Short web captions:
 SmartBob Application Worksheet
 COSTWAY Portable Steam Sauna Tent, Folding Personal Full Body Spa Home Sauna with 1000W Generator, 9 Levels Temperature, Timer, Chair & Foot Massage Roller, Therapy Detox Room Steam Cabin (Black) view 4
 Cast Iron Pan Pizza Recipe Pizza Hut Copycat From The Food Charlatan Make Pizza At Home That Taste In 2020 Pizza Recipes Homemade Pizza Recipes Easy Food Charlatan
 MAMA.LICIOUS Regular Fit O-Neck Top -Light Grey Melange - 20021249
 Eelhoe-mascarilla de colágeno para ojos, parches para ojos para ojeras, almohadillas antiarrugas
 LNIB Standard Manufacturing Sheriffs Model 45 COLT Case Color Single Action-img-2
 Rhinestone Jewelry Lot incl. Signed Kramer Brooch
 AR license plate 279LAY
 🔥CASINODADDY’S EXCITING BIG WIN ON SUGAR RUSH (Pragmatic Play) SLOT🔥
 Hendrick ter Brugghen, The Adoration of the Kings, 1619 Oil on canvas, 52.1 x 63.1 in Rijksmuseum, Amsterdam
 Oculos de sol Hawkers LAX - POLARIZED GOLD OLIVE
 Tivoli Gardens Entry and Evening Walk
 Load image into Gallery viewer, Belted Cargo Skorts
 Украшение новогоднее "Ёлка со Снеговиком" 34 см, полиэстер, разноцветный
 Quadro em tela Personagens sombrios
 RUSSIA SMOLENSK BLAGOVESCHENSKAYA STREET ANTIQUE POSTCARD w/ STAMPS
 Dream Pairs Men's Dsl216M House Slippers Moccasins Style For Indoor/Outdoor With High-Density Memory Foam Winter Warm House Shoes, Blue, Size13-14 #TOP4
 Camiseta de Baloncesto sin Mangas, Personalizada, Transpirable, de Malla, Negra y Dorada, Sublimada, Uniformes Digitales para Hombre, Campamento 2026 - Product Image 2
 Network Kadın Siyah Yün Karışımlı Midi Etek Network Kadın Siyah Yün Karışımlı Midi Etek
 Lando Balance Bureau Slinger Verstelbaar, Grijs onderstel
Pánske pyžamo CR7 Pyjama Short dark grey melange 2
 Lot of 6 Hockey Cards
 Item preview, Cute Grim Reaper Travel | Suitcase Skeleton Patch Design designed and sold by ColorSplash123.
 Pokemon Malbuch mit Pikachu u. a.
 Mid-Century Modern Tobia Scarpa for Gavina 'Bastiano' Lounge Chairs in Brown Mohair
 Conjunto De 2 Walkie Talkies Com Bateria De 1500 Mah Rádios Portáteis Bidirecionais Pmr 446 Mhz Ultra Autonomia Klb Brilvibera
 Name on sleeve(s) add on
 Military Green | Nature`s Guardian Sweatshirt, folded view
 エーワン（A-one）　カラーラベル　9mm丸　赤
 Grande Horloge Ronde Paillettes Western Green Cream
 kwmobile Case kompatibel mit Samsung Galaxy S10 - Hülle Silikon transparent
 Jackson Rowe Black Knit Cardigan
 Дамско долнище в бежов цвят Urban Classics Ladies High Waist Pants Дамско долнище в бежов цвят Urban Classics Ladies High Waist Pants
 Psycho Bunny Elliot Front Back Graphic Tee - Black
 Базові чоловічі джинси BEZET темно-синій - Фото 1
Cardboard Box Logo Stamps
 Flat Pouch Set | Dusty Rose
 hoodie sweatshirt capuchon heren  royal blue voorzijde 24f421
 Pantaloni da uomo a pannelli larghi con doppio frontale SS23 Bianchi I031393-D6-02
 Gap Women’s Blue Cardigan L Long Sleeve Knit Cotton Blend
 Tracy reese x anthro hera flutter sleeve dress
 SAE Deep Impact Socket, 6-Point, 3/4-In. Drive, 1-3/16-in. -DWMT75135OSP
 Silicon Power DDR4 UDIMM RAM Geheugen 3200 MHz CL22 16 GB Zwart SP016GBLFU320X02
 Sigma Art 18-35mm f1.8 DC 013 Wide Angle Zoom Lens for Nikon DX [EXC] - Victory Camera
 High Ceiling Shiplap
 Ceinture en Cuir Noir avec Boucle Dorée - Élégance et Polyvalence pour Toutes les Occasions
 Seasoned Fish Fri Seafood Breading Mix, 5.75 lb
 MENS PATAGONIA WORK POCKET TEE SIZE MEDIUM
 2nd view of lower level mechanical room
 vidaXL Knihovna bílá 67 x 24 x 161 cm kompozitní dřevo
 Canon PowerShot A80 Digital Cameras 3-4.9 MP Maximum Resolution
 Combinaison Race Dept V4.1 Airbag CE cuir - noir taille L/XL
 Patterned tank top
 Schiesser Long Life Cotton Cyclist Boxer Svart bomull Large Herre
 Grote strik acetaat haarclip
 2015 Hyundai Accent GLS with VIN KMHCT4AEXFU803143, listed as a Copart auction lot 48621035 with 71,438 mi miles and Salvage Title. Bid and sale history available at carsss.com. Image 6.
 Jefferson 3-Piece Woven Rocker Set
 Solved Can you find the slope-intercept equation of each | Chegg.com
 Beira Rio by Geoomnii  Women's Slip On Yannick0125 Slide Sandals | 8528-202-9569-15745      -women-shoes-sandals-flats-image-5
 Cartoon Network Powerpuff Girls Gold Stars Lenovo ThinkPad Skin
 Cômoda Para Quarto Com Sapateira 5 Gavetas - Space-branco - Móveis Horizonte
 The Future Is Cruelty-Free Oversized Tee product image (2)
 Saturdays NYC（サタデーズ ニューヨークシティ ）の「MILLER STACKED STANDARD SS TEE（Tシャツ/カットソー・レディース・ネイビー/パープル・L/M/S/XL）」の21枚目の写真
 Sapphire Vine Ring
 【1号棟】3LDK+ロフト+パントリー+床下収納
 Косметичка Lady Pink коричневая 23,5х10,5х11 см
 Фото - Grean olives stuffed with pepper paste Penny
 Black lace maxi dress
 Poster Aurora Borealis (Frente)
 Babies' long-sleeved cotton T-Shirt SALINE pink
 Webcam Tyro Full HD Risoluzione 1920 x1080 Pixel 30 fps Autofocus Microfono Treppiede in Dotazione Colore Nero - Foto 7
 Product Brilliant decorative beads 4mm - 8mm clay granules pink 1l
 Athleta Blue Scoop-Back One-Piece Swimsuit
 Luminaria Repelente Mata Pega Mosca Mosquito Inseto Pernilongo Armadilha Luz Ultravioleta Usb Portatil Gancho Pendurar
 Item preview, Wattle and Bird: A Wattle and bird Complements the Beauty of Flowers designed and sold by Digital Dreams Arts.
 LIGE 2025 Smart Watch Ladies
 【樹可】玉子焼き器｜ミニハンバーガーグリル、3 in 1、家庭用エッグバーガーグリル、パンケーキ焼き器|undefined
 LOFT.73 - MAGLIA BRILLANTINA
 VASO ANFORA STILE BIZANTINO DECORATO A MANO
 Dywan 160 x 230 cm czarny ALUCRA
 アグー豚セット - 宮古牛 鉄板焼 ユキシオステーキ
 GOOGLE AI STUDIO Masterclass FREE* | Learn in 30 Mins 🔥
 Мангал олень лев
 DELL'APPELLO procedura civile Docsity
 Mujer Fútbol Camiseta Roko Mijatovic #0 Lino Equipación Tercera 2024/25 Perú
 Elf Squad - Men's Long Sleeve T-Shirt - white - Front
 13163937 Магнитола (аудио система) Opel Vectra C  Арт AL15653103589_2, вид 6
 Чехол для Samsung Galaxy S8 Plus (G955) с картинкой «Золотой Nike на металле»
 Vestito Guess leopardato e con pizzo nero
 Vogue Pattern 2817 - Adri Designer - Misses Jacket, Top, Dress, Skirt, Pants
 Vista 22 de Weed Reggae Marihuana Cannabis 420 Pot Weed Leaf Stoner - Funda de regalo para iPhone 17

Required action –
Look for the word "Item" in every line of the records. State how many lines contain it, and write only the number.

Reply –
2